Before Transformers: How Embeddings Learn Meaning

From Counting to Learning

The geometric leap that makes language models possible.

What co-occurrence was actually telling us

Before talking about learning or models, it's worth rewinding. Last time we built a tiny world. Six words. Four sentences. Everything small enough that structure couldn't hide behind scale.

We didn't teach the system what any word meant. No labels, no definitions, no categories. All we did was count which words appeared next to which other words. Structure emerged anyway. "Dog" and "cat" started resembling each other. "I" and "You" played the same role. "My" hung around nouns. "Love" acted as a bridge. None of this was programmed. It fell out of the data because language itself is structured, and repeated use leaves patterns behind.

Language carries structure within itself. Repeated usage makes that structure visible.
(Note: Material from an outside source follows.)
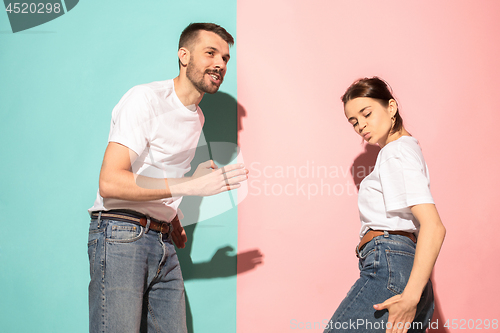 Image of A couple of young man and woman dancing hip-hop at studio.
A V×V co-occurrence matrix is an explicit attempt to store those patterns. Each row is a word's behavioural fingerprint: how it relates to every other word in the vocabulary. If two rows look similar, the words tend to appear in similar contexts. The idea is correct. The question is whether storing it explicitly is the right way forward.

The co-occurrence matrix isn't naive. It's conceptually right. The question is whether storing it explicitly is the right way forward.

When V×V meets the real world

In a small controlled setting, the co-occurrence matrix feels elegant. Direct, interpretable, grounded in real usage. The problem appears when you let language be as large and messy as it actually is.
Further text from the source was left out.